Thursday, May 22, 2014

Postmodern Life on the Mississippi

I knew I was back in the South the minute I stepped out of the aircraft into the gate ramp. The smell of the carpet, the dampness, was familiar, but I hadn't smelled it in a long time.

Up at the top of the ramp, I could tell immediately that the terminal was essentially in the same condition as it had been 25 years ago, when I first was in it. The tiles and the seats were unrepentantly from another era---the post-brutalist Seventies. It brought back pleasant memories of changing planes here a long time ago.
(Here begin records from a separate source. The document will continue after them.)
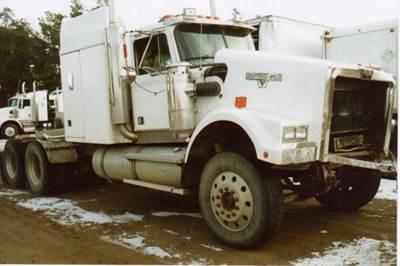 Western Star 4964 Salvage Truck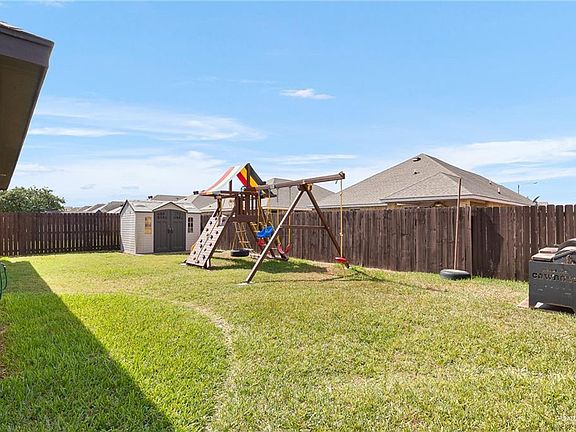 3rd image of 2519 Gregg Dr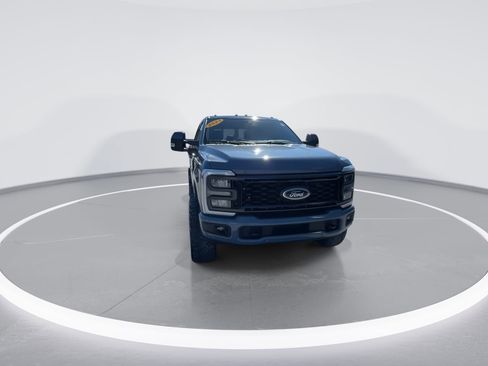 Used 2023 Ford F250 Lariat w/ Lariat Ultimate Package AWD/4WD image 3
That's when Memphis was the hub of a major passenger airline. Now it's mostly an airline backwater, even though the airport itself is among the busiest of the world. The vast majority of the planes are not carrying people but packages and other cargo for the great local shipping colossus---Fedex.

Fedex has become a verb, has it not? I mention this because my private word game lately has been to think of as many English language verbs as possible, ones that are expressed as an infinite consisting of "to" with one word following, perhaps with a hyphen.


I wrote a little script that puts them into a database as I find them. The script tells me whether the entry already exists in my database.

Greg gave me a lot of good verbs when I was with him.  In return I told him about my findings on Tumblr regarding the new postmodern reality of the "oppression olympics."

"You're a shitlord," I told him, in the midst of explaining about the paradigm. I explained why, and then added, "but don't worry, there's pretty much nothing you can do about." He got a big kick out of that.